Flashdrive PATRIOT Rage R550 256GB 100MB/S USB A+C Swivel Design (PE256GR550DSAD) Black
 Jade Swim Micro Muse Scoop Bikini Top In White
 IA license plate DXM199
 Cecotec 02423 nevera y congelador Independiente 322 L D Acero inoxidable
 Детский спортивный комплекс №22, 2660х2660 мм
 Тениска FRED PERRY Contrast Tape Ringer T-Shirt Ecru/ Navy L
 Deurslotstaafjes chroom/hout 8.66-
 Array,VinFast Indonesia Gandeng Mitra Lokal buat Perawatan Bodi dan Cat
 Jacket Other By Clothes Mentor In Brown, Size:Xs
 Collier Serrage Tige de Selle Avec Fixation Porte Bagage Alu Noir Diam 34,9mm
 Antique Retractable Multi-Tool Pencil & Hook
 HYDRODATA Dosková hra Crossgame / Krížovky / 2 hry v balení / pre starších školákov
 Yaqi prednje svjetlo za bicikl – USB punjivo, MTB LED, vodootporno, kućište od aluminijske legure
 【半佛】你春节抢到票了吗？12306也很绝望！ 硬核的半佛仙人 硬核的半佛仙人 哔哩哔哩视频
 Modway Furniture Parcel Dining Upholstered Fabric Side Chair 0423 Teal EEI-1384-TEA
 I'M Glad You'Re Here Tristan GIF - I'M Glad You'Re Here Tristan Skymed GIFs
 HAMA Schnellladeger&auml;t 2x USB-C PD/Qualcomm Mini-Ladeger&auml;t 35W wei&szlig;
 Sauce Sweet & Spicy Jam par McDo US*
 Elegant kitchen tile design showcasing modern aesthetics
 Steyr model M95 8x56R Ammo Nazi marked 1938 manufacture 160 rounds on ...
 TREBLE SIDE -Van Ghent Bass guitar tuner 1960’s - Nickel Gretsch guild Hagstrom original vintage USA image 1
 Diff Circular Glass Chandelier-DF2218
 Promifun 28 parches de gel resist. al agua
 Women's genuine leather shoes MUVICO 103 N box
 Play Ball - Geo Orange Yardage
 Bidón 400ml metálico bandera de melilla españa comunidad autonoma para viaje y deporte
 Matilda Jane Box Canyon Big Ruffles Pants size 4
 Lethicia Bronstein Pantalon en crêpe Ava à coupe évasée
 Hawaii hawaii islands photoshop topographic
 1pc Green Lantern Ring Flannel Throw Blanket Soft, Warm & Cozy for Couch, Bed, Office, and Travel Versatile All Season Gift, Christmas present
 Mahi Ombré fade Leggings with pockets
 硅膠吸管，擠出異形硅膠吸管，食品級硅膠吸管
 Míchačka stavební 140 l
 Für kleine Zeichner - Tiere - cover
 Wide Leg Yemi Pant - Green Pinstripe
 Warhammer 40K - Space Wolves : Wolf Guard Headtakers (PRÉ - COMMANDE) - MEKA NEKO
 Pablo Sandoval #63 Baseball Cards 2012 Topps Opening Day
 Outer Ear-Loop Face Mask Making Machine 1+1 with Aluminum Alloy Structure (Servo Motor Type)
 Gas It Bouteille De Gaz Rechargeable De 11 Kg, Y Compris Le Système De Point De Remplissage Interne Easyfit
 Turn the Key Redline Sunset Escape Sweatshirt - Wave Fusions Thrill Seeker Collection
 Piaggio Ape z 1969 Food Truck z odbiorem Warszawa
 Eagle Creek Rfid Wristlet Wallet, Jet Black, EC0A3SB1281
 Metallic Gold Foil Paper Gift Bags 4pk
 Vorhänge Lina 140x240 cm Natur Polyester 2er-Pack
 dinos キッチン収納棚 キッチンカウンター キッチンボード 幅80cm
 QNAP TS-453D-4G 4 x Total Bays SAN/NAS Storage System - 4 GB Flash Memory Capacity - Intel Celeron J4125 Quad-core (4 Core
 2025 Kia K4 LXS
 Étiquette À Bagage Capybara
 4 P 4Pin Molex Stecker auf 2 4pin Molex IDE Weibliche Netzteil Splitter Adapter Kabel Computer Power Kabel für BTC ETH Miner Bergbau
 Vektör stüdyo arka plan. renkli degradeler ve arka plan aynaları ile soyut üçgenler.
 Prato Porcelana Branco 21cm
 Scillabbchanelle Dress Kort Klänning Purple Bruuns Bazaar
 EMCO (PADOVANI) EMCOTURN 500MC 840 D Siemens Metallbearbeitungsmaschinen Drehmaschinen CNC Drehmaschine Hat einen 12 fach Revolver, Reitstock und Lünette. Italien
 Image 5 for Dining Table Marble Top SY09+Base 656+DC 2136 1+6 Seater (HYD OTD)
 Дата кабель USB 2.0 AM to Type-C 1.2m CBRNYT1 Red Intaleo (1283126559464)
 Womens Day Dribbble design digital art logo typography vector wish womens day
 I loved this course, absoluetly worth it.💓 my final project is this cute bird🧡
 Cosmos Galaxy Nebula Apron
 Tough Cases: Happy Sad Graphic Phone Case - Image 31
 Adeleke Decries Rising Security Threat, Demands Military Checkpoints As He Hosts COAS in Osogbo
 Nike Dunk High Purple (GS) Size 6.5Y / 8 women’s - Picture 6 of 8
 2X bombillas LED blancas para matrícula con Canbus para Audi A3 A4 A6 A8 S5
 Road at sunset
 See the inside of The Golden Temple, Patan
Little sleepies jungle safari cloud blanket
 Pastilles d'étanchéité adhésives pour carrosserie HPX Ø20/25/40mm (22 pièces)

####

Exercise details » Down to the last character, restate every record.

Answer to this problem »
Flashdrive PATRIOT Rage R550 256GB 100MB/S USB A+C Swivel Design (PE256GR550DSAD) Black
 Jade Swim Micro Muse Scoop Bikini Top In White
 IA license plate DXM199
 Cecotec 02423 nevera y congelador Independiente 322 L D Acero inoxidable
 Детский спортивный комплекс №22, 2660х2660 мм
 Тениска FRED PERRY Contrast Tape Ringer T-Shirt Ecru/ Navy L
 Deurslotstaafjes chroom/hout 8.66-
 Array,VinFast Indonesia Gandeng Mitra Lokal buat Perawatan Bodi dan Cat
 Jacket Other By Clothes Mentor In Brown, Size:Xs
 Collier Serrage Tige de Selle Avec Fixation Porte Bagage Alu Noir Diam 34,9mm
 Antique Retractable Multi-Tool Pencil & Hook
 HYDRODATA Dosková hra Crossgame / Krížovky / 2 hry v balení / pre starších školákov
 Yaqi prednje svjetlo za bicikl – USB punjivo, MTB LED, vodootporno, kućište od aluminijske legure
 【半佛】你春节抢到票了吗？12306也很绝望！ 硬核的半佛仙人 硬核的半佛仙人 哔哩哔哩视频
 Modway Furniture Parcel Dining Upholstered Fabric Side Chair 0423 Teal EEI-1384-TEA
 I'M Glad You'Re Here Tristan GIF - I'M Glad You'Re Here Tristan Skymed GIFs
 HAMA Schnellladeger&auml;t 2x USB-C PD/Qualcomm Mini-Ladeger&auml;t 35W wei&szlig;
 Sauce Sweet & Spicy Jam par McDo US*
 Elegant kitchen tile design showcasing modern aesthetics
 Steyr model M95 8x56R Ammo Nazi marked 1938 manufacture 160 rounds on ...
 TREBLE SIDE -Van Ghent Bass guitar tuner 1960’s - Nickel Gretsch guild Hagstrom original vintage USA image 1
 Diff Circular Glass Chandelier-DF2218
 Promifun 28 parches de gel resist. al agua
 Women's genuine leather shoes MUVICO 103 N box
 Play Ball - Geo Orange Yardage
 Bidón 400ml metálico bandera de melilla españa comunidad autonoma para viaje y deporte
 Matilda Jane Box Canyon Big Ruffles Pants size 4
 Lethicia Bronstein Pantalon en crêpe Ava à coupe évasée
 Hawaii hawaii islands photoshop topographic
 1pc Green Lantern Ring Flannel Throw Blanket Soft, Warm & Cozy for Couch, Bed, Office, and Travel Versatile All Season Gift, Christmas present
 Mahi Ombré fade Leggings with pockets
 硅膠吸管，擠出異形硅膠吸管，食品級硅膠吸管
 Míchačka stavební 140 l
 Für kleine Zeichner - Tiere - cover
 Wide Leg Yemi Pant - Green Pinstripe
 Warhammer 40K - Space Wolves : Wolf Guard Headtakers (PRÉ - COMMANDE) - MEKA NEKO
 Pablo Sandoval #63 Baseball Cards 2012 Topps Opening Day
 Outer Ear-Loop Face Mask Making Machine 1+1 with Aluminum Alloy Structure (Servo Motor Type)
 Gas It Bouteille De Gaz Rechargeable De 11 Kg, Y Compris Le Système De Point De Remplissage Interne Easyfit
 Turn the Key Redline Sunset Escape Sweatshirt - Wave Fusions Thrill Seeker Collection
 Piaggio Ape z 1969 Food Truck z odbiorem Warszawa
 Eagle Creek Rfid Wristlet Wallet, Jet Black, EC0A3SB1281
 Metallic Gold Foil Paper Gift Bags 4pk
 Vorhänge Lina 140x240 cm Natur Polyester 2er-Pack
 dinos キッチン収納棚 キッチンカウンター キッチンボード 幅80cm
 QNAP TS-453D-4G 4 x Total Bays SAN/NAS Storage System - 4 GB Flash Memory Capacity - Intel Celeron J4125 Quad-core (4 Core
 2025 Kia K4 LXS
 Étiquette À Bagage Capybara
 4 P 4Pin Molex Stecker auf 2 4pin Molex IDE Weibliche Netzteil Splitter Adapter Kabel Computer Power Kabel für BTC ETH Miner Bergbau
 Vektör stüdyo arka plan. renkli degradeler ve arka plan aynaları ile soyut üçgenler.
 Prato Porcelana Branco 21cm
 Scillabbchanelle Dress Kort Klänning Purple Bruuns Bazaar
 EMCO (PADOVANI) EMCOTURN 500MC 840 D Siemens Metallbearbeitungsmaschinen Drehmaschinen CNC Drehmaschine Hat einen 12 fach Revolver, Reitstock und Lünette. Italien
 Image 5 for Dining Table Marble Top SY09+Base 656+DC 2136 1+6 Seater (HYD OTD)
 Дата кабель USB 2.0 AM to Type-C 1.2m CBRNYT1 Red Intaleo (1283126559464)
 Womens Day Dribbble design digital art logo typography vector wish womens day
 I loved this course, absoluetly worth it.💓 my final project is this cute bird🧡
 Cosmos Galaxy Nebula Apron
 Tough Cases: Happy Sad Graphic Phone Case - Image 31
 Adeleke Decries Rising Security Threat, Demands Military Checkpoints As He Hosts COAS in Osogbo
 Nike Dunk High Purple (GS) Size 6.5Y / 8 women’s - Picture 6 of 8
 2X bombillas LED blancas para matrícula con Canbus para Audi A3 A4 A6 A8 S5
 Road at sunset
 See the inside of The Golden Temple, Patan
Little sleepies jungle safari cloud blanket
 Pastilles d'étanchéité adhésives pour carrosserie HPX Ø20/25/40mm (22 pièces)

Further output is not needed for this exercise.